TASK INSTRUCTIONS:
Instruction for the entries that follow: retype exactly the lines from the line with "Dušan Heavy-knit Destructured" to the line with "Versilberter Limonadenkrug Bahnhofswirtschaft", both included, and omit all others.

[SUPPLIED DATA Boundary: Start]

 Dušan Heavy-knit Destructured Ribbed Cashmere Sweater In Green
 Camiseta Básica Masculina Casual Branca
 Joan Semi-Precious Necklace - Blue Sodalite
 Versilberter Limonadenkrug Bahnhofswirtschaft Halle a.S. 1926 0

[SUPPLIED DATA Boundary: End]
[SUPPLIED DATA Boundary: Start]

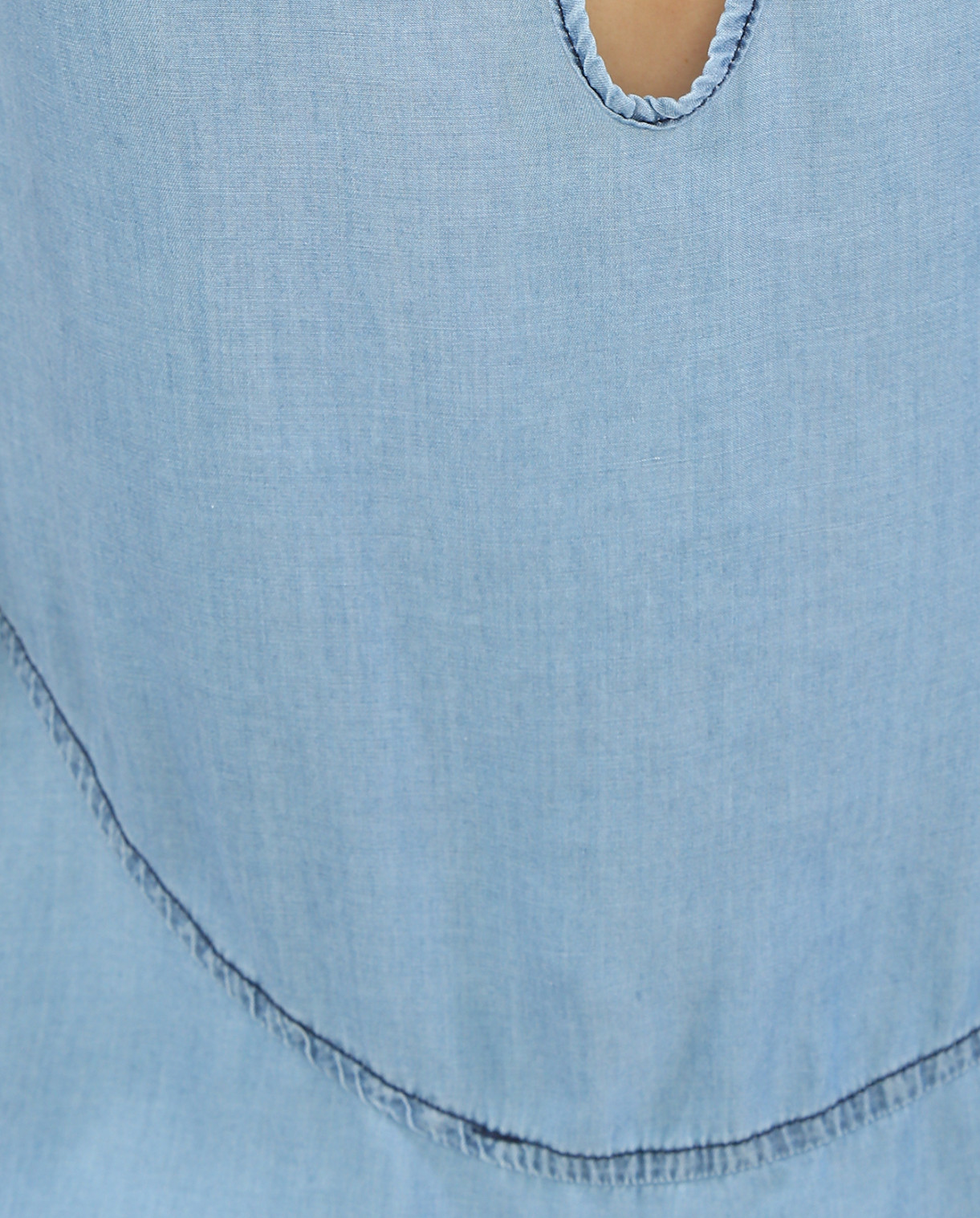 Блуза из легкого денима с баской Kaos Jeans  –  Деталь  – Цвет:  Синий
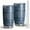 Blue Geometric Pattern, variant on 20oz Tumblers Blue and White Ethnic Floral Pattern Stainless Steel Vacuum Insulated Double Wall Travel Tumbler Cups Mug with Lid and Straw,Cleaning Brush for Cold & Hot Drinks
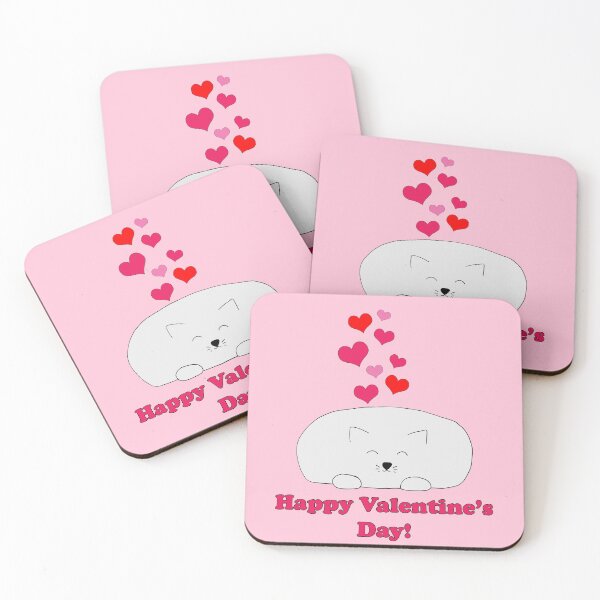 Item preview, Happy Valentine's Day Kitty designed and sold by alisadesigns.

[SUPPLIED DATA Boundary: End]
[SUPPLIED DATA Boundary: Start]

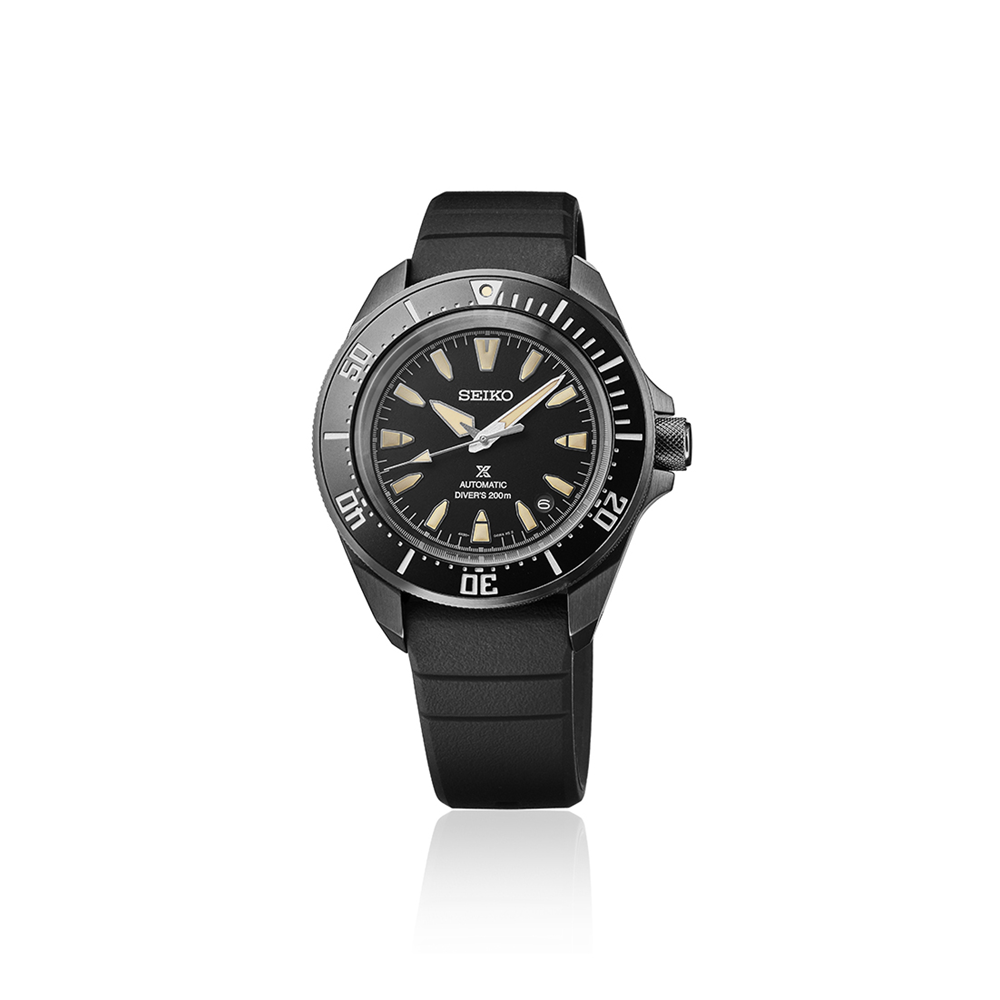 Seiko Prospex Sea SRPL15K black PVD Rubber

[SUPPLIED DATA Boundary: End]

ANSWER BELOW:
 Dušan Heavy-knit Destructured Ribbed Cashmere Sweater In Green
 Camiseta Básica Masculina Casual Branca
 Joan Semi-Precious Necklace - Blue Sodalite
 Versilberter Limonadenkrug Bahnhofswirtschaft Halle a.S. 1926 0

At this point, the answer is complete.